Simplify:
(2x+3)^3/2 + (2x+3)^-1/2 /
2x+3
Can anyone explain how to work it out please? Thanks
To simplify the given expression ((2x+3)^(3/2) + (2x+3)^(-1/2)) / (2x+3), you can follow these steps:
Step 1: Simplify the numerator first.
The numerator contains two terms: (2x+3)^(3/2) and (2x+3)^(-1/2).
Let's start with the first term: (2x+3)^(3/2).
To simplify this term, you can rewrite it as the square root of (2x+3) raised to the power of 3.
(2x+3)^(3/2) = √(2x+3)^3
Now, let's move on to the second term: (2x+3)^(-1/2).

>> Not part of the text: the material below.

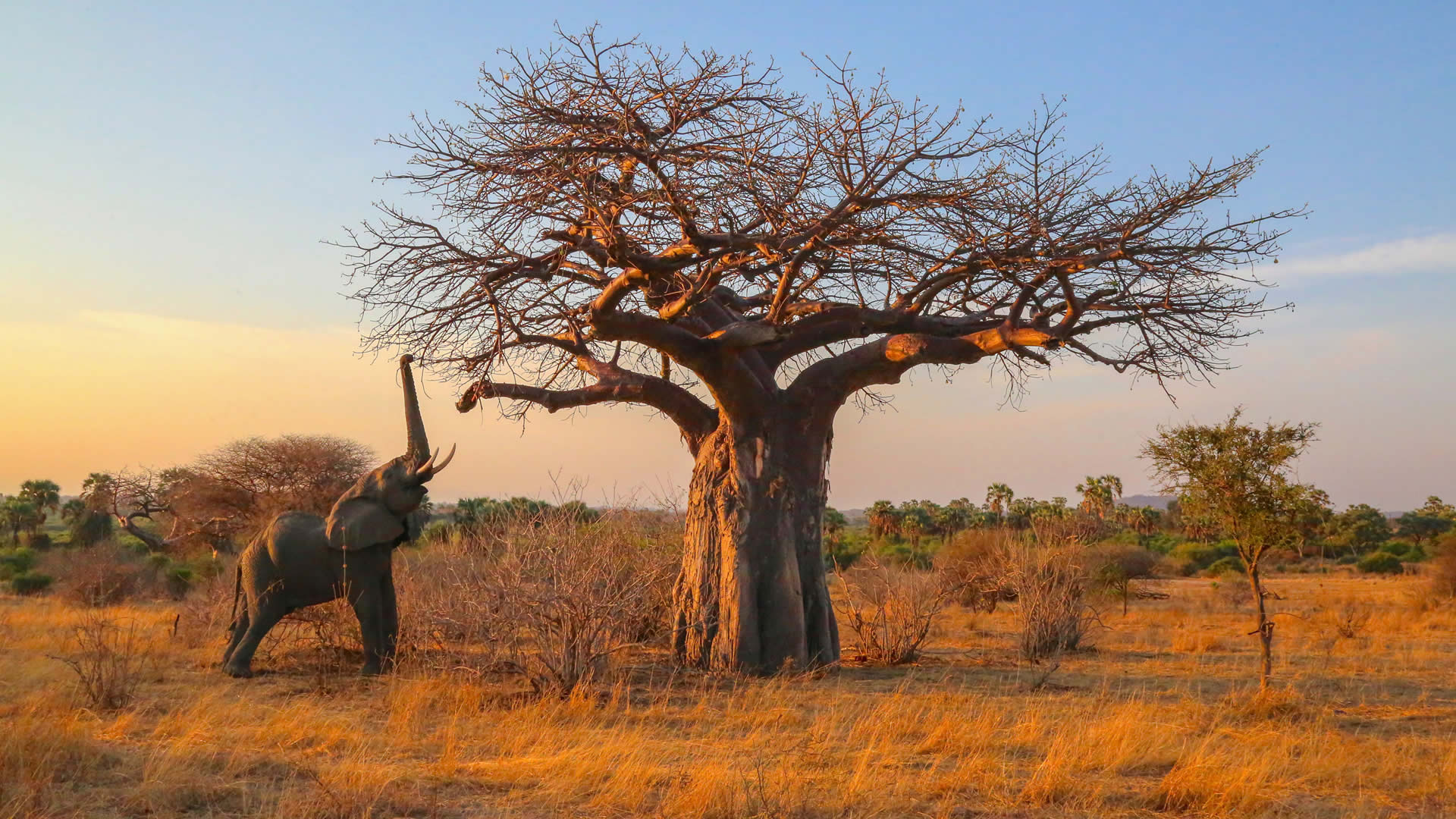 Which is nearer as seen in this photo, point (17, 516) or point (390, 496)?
point (390, 496)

To simplify this term, you can take the reciprocal of the square root of (2x+3).
(2x+3)^(-1/2) = 1 / √(2x+3)
The numerator can now be simplified as follows:
((2x+3)^(3/2) + (2x+3)^(-1/2)) = √(2x+3)^3 + 1 / √(2x+3)
Step 2: Simplify the denominator.
The denominator is simply 2x+3.
Step 3: Combine the simplified numerator and denominator.
Now that the numerator and denominator have been simplified, you can combine them to get the final simplified expression:
((2x+3)^(3/2) + (2x+3)^(-1/2)) / (2x+3) =
(√(2x+3)^3 + 1 / √(2x+3)) / (2x+3)
That is the simplified form of the given expression.